Work item: Repeat only the lines from the one that contains "Barco Casa Catamara" through the final line of the listing below, exactly, please, without pictures.
═════ Given entries ═════
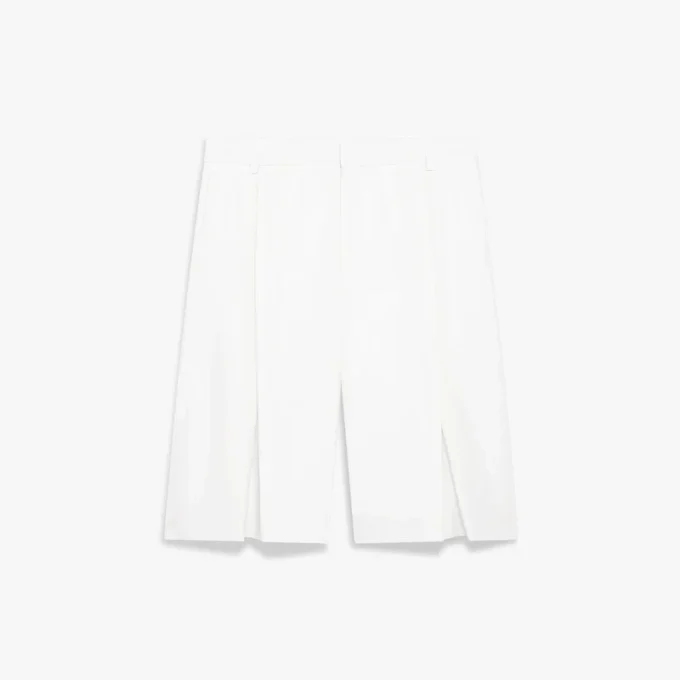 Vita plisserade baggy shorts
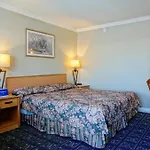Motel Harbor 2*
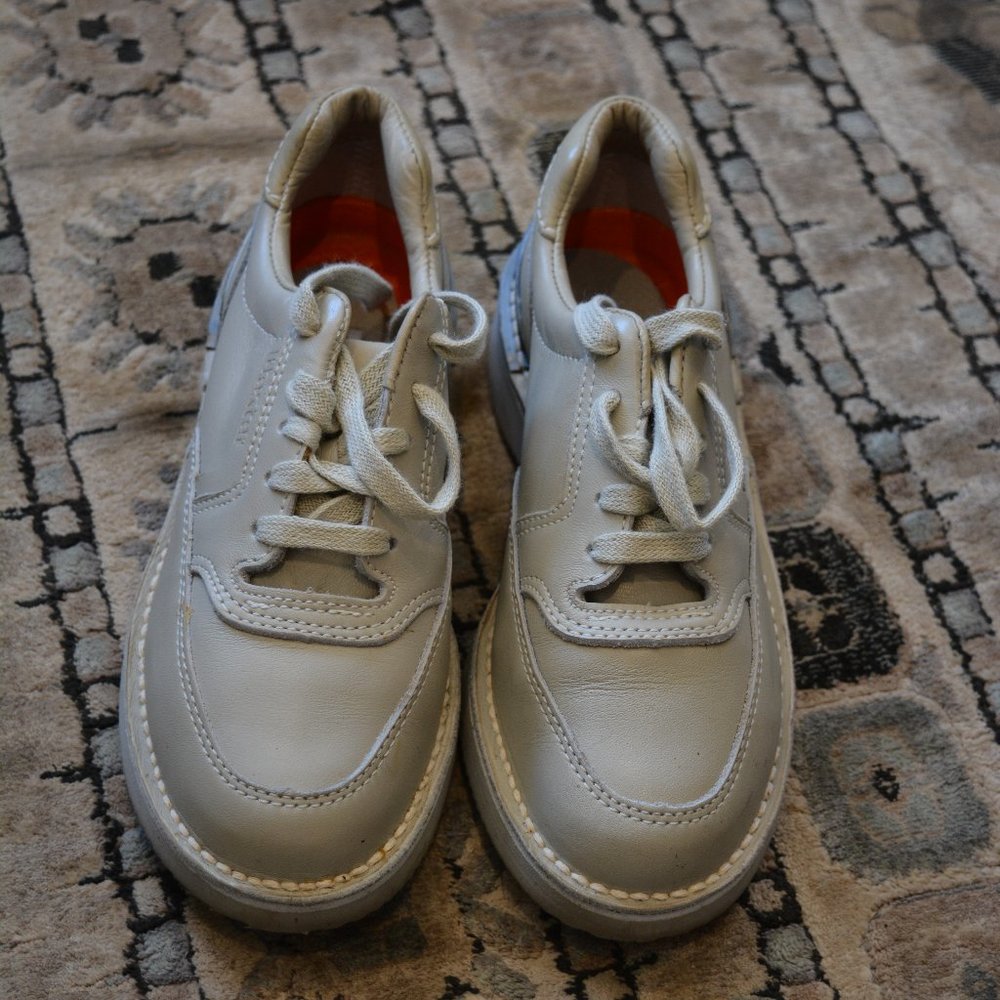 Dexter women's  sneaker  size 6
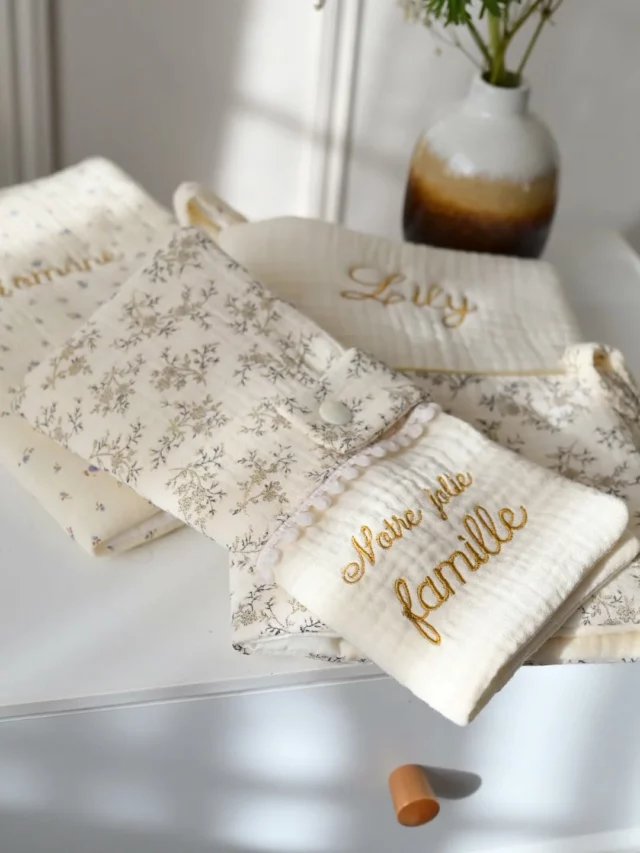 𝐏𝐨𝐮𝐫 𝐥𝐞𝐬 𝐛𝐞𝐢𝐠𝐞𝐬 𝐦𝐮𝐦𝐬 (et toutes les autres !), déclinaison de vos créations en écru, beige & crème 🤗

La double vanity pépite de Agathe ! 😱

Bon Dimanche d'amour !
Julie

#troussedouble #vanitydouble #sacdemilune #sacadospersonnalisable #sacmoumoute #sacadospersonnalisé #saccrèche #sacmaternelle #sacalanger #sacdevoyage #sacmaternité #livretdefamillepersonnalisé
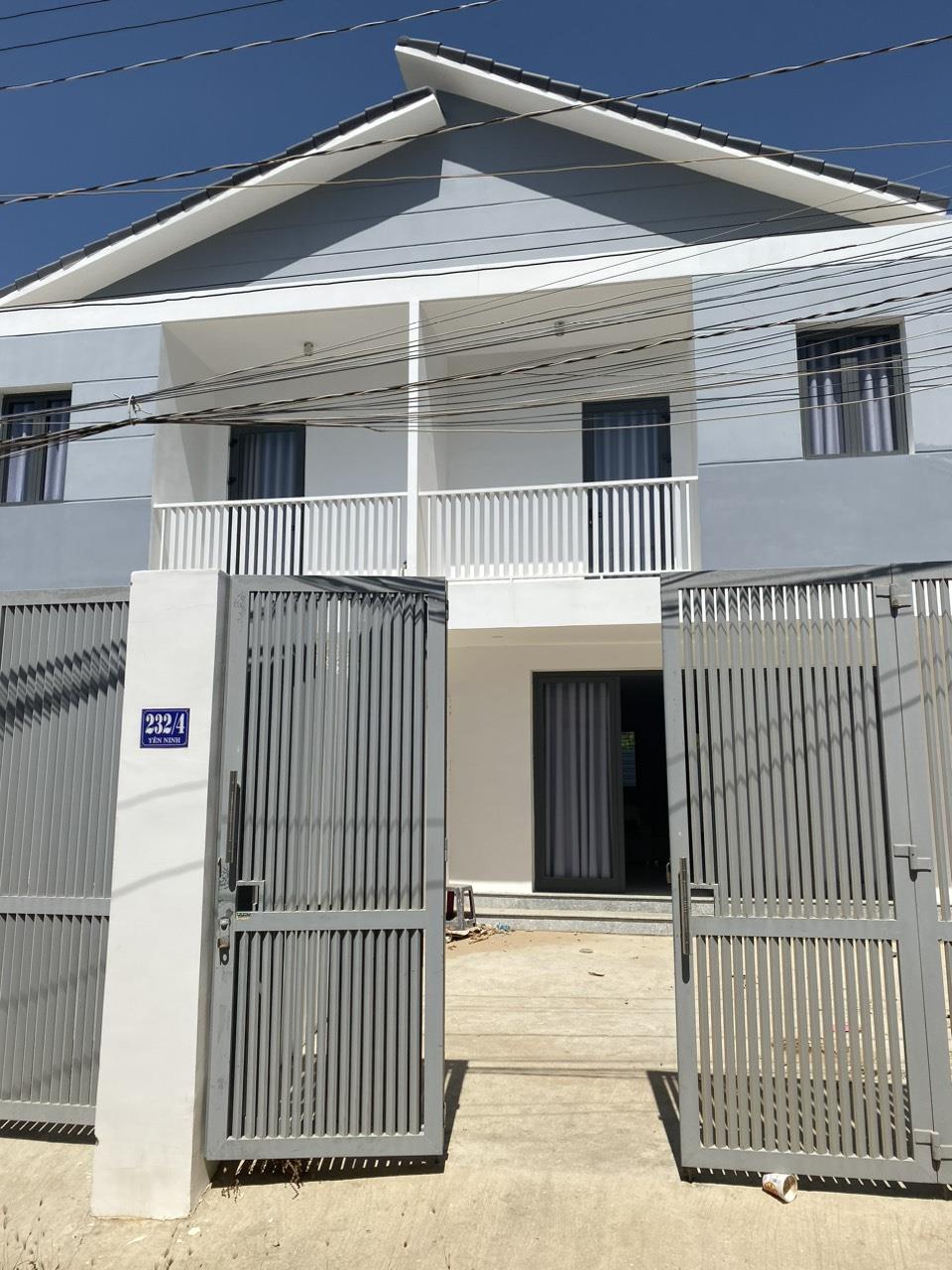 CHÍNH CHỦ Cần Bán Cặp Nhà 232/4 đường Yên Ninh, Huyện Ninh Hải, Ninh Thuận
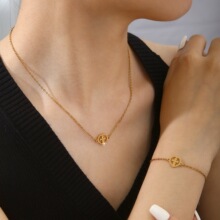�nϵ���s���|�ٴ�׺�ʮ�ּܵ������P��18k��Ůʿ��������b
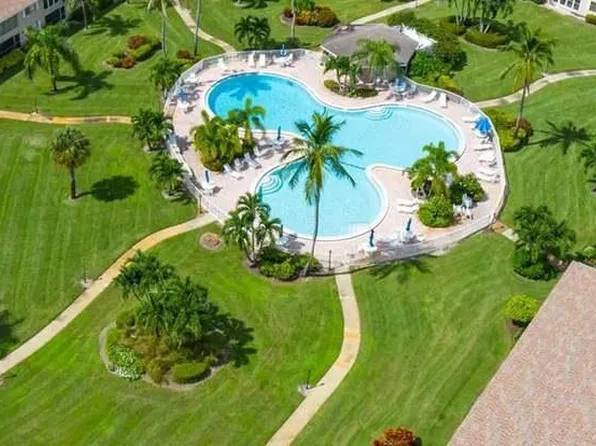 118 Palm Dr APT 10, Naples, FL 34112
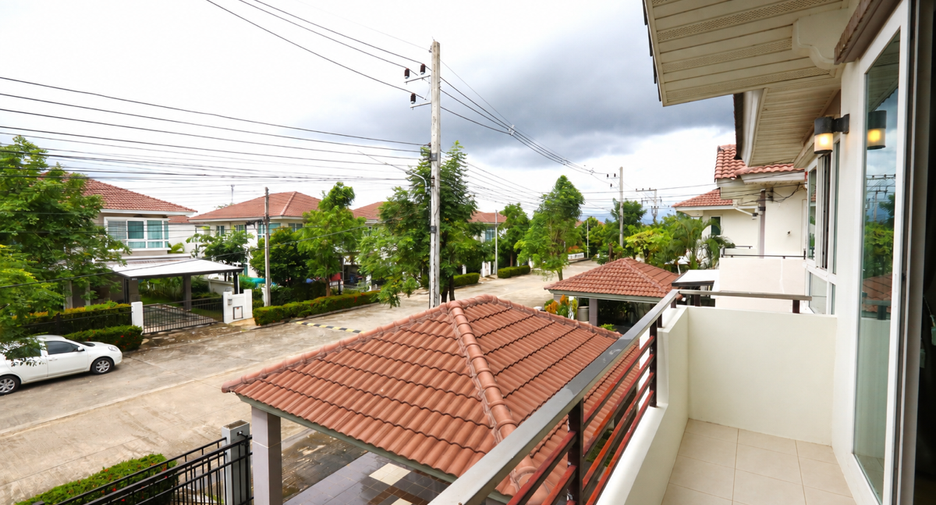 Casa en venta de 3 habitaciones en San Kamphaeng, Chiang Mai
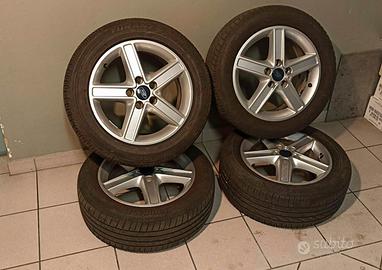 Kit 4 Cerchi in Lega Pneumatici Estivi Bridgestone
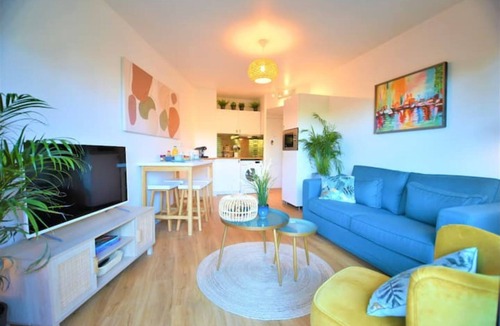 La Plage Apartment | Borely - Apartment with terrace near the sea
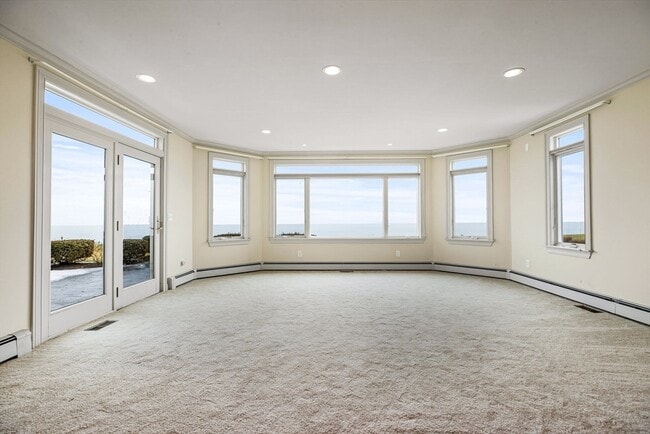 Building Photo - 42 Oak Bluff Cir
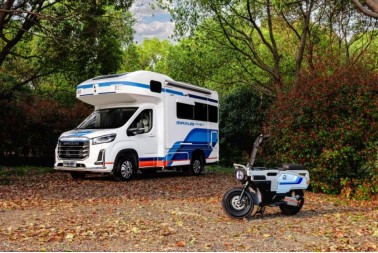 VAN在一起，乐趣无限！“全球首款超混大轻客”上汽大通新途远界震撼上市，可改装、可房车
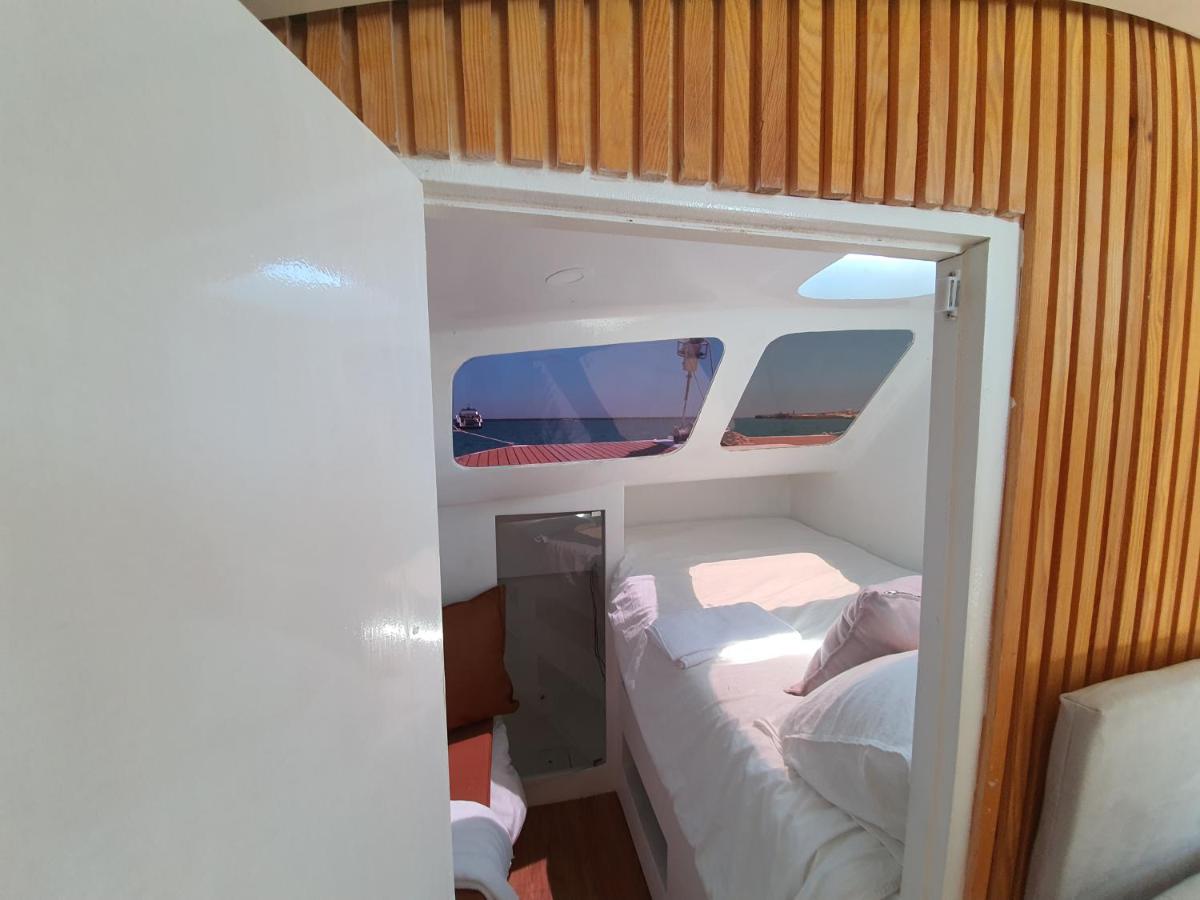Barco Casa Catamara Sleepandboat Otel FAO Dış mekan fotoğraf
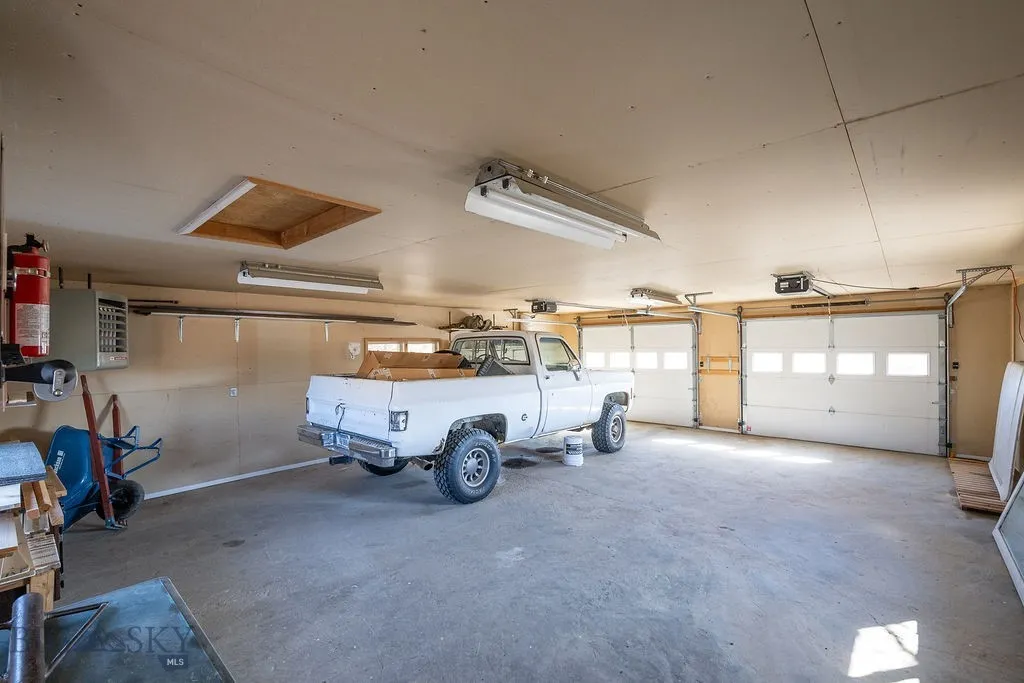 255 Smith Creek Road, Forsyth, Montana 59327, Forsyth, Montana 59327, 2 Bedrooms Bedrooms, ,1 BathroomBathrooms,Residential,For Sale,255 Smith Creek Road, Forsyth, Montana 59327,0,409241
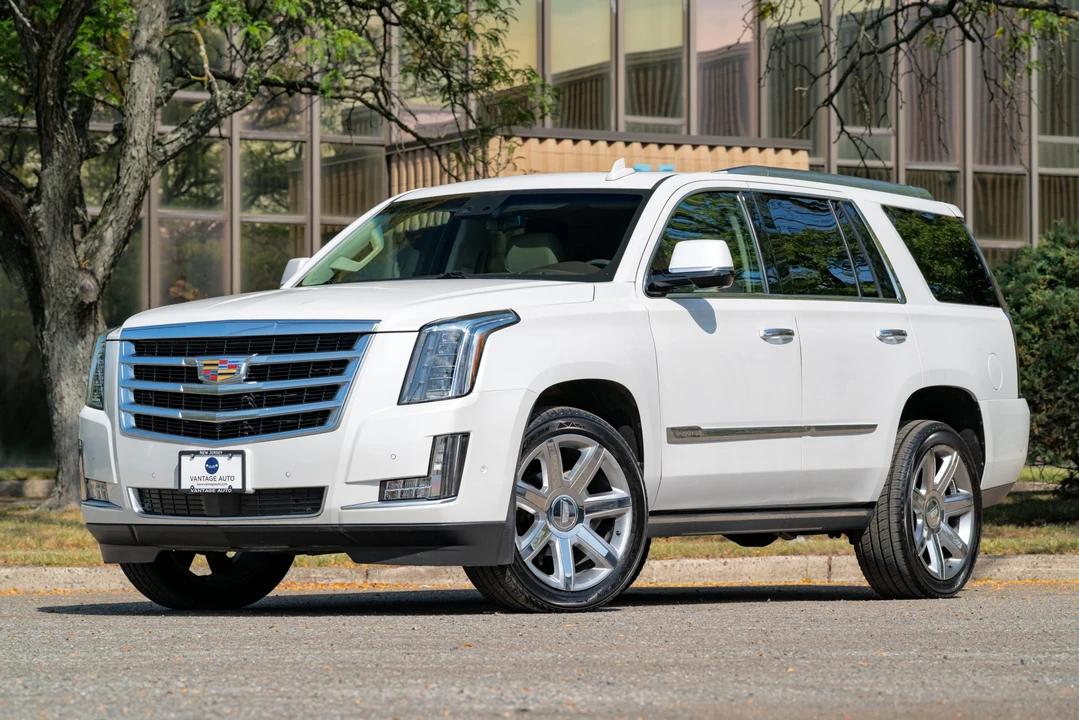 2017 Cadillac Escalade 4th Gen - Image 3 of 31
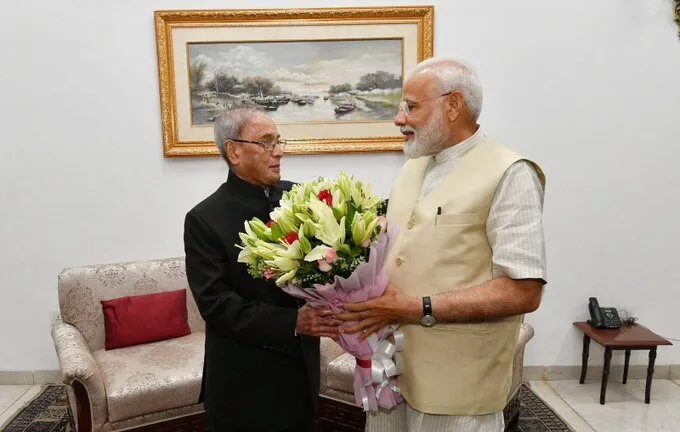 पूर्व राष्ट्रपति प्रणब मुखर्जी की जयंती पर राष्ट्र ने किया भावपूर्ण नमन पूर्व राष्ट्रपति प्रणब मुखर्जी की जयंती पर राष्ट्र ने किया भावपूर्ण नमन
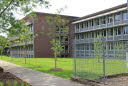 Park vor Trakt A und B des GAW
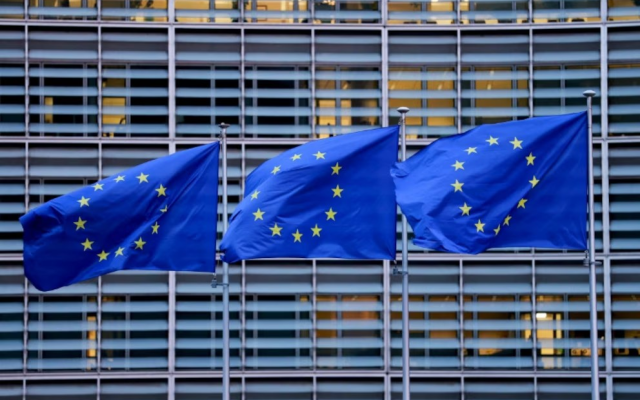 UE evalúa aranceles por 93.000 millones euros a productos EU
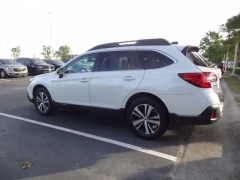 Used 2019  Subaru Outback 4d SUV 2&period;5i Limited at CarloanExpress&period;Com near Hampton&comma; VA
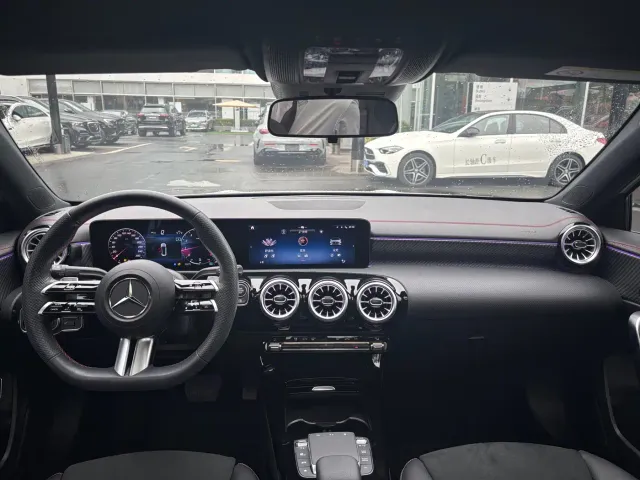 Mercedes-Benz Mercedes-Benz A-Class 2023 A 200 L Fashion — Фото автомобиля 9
═════
Solution to this task:
Barco Casa Catamara Sleepandboat Otel FAO Dış mekan fotoğraf
 255 Smith Creek Road, Forsyth, Montana 59327, Forsyth, Montana 59327, 2 Bedrooms Bedrooms, ,1 BathroomBathrooms,Residential,For Sale,255 Smith Creek Road, Forsyth, Montana 59327,0,409241
 2017 Cadillac Escalade 4th Gen - Image 3 of 31
 पूर्व राष्ट्रपति प्रणब मुखर्जी की जयंती पर राष्ट्र ने किया भावपूर्ण नमन पूर्व राष्ट्रपति प्रणब मुखर्जी की जयंती पर राष्ट्र ने किया भावपूर्ण नमन
 Park vor Trakt A und B des GAW
 UE evalúa aranceles por 93.000 millones euros a productos EU
 Used 2019  Subaru Outback 4d SUV 2&period;5i Limited at CarloanExpress&period;Com near Hampton&comma; VA
 Mercedes-Benz Mercedes-Benz A-Class 2023 A 200 L Fashion — Фото автомобиля 9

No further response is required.